Happy Saturday y'all! Below, I have rounded up some things for you to think about this weekend:
1. In a few nights (Sunday and Monday—the 13th and 14th of November) we will have the opportunity to see the largest supermoon since 1948. It has been 68 years since the moon has come this close to the Earth, and it won't be this close again for another 18 years. The supermoon, also known as a "perigee moon", will be roughly 30,000 miles closer to Earth and will appear to be up to 14% bigger and 30% brighter than normal. If you're on the East Coast of the United States, the best times to view the moon will be toward the end of the night—right before dawn. But if Sunday night is cloudy, you can try again on Monday. And you won't need a telescope (although it would come in handy) because you'll be able to see the supermoon with your bare eyes.
2. Although we've known for a while that smoking cigarettes is harmful to human health, a new study has been released that found that a pack-a-day smoker typically produces about 333 DNA mutations per year, and only about half of them are in the lungs. Other mutations have been found in the larynx, pharynx, mouth, bladder, and liver. Although many of these mutations are harmless, each year of smoking initiates new gene damage that could lead to cancer. Even though the study does not explain exactly how cancer is developed from smoking, it does shed some light on why smokers often develop cancer in areas of the body that don't come in direct contact with smoke, like the bladder. If you haven't started smoking, please don't. And if you are a current smoker, please consider quitting for your health and the health of others.
3. Driving cross-country in an electric vehicle comes with a unique challenge—finding a place that has a charging station to charge the car. The Department of Transportation announced plans to create 48 electric vehicle charger "corridors" in U.S. highways in 35 states, covering approximately 25,000 miles. Stations will be installed every 50 miles and states will use uniform signage to let drivers know when a station is located off of the next exit. However, one thing missing from the plan is a defined timetable, which means it could be years before these stations exist—if they are built at all. Still, the fact that the government is aware of and considering possible solutions to this problem is hopeful.

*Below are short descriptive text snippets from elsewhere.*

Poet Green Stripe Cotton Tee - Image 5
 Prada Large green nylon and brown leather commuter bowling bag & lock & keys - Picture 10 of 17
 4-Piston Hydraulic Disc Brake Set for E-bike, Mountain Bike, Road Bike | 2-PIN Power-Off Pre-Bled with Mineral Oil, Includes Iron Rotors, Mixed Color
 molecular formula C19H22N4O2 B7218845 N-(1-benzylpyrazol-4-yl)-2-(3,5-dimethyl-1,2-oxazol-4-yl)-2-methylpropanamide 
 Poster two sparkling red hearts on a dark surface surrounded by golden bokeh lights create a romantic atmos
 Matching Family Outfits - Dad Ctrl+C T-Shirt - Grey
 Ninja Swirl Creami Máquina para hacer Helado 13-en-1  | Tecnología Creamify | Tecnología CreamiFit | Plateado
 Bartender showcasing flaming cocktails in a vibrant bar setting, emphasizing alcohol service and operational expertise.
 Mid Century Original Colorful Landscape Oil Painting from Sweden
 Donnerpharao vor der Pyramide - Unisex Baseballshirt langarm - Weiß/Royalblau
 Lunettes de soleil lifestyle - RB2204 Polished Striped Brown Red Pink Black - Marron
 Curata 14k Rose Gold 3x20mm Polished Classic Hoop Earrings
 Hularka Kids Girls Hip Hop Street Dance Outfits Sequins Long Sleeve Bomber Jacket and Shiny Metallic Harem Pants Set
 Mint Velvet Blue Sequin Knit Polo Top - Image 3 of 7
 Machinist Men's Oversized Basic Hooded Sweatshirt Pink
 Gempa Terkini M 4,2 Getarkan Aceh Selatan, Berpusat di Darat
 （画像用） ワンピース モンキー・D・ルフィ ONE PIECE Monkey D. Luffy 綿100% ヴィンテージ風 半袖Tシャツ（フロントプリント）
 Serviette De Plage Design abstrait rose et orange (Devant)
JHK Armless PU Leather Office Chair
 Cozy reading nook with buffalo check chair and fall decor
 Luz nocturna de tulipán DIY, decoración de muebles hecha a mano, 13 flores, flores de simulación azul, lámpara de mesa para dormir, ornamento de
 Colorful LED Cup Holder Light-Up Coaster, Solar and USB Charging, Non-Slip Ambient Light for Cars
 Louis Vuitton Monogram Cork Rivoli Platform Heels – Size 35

4. Humans have become increasingly distanced from the food that they consume. According to a map recently released by the International Center for Tropical Agriculture, many of the origins of foods that we believe to be true turn out to be incorrect. For example, apples are often thought of as an American food, but they actually originated in Europe and Asia. And while today's coffee beans may be grown in Central and South America, the crop originated in Africa. Today's global food system is more interdependent than it ever has been, which will be a strength against future threats like climate change, pests, and diseases. If you'd like to get closer to your food, I would suggest visiting a local farm, shopping at farmers' markets, or growing your own garden.